Your goal:
In the entries that follow, the lines from the line containing "eBook: Places and" up to and including the line containing "Монеты 25 рублей мультипликация" must be copied exactly, with pictures omitted.

Data shown:
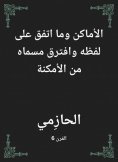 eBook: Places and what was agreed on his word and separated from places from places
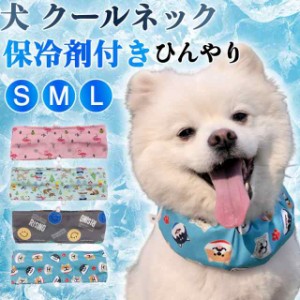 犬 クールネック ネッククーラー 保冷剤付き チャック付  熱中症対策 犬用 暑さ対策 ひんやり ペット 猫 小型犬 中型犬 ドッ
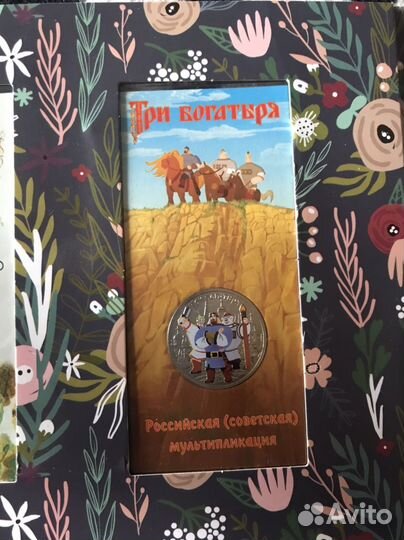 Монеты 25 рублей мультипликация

...

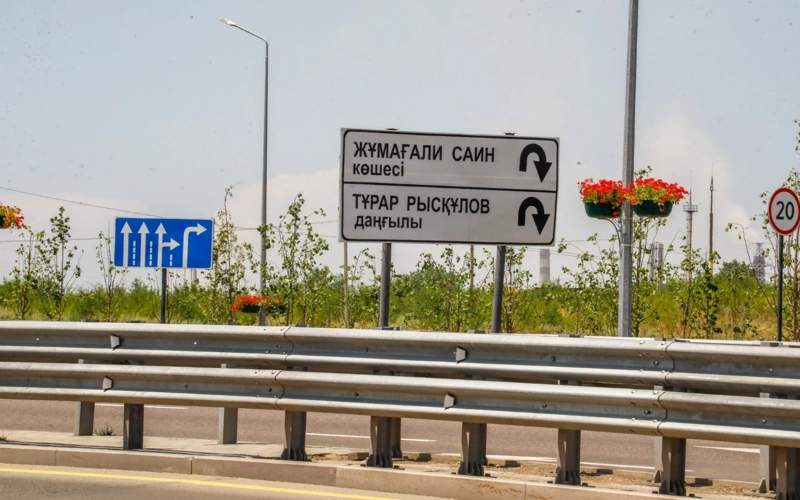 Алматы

==

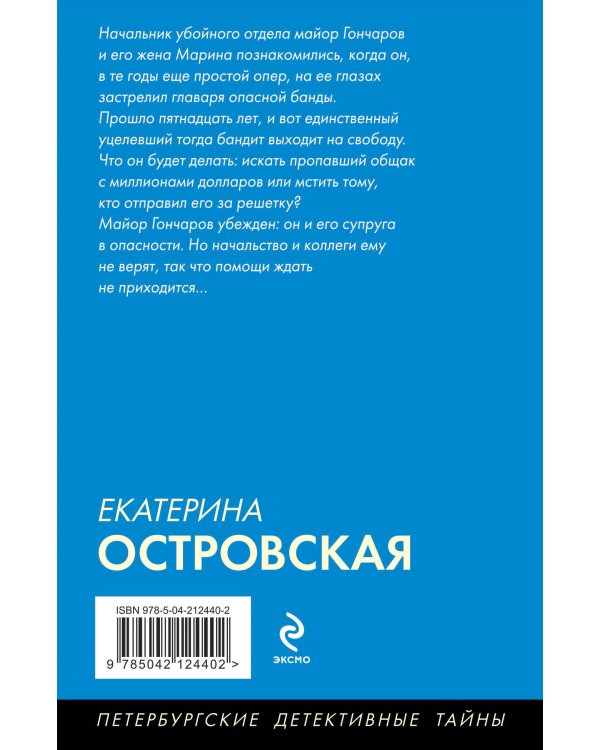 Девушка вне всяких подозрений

Result of this task:
 eBook: Places and what was agreed on his word and separated from places from places
 犬 クールネック ネッククーラー 保冷剤付き チャック付  熱中症対策 犬用 暑さ対策 ひんやり ペット 猫 小型犬 中型犬 ドッ
 Монеты 25 рублей мультипликация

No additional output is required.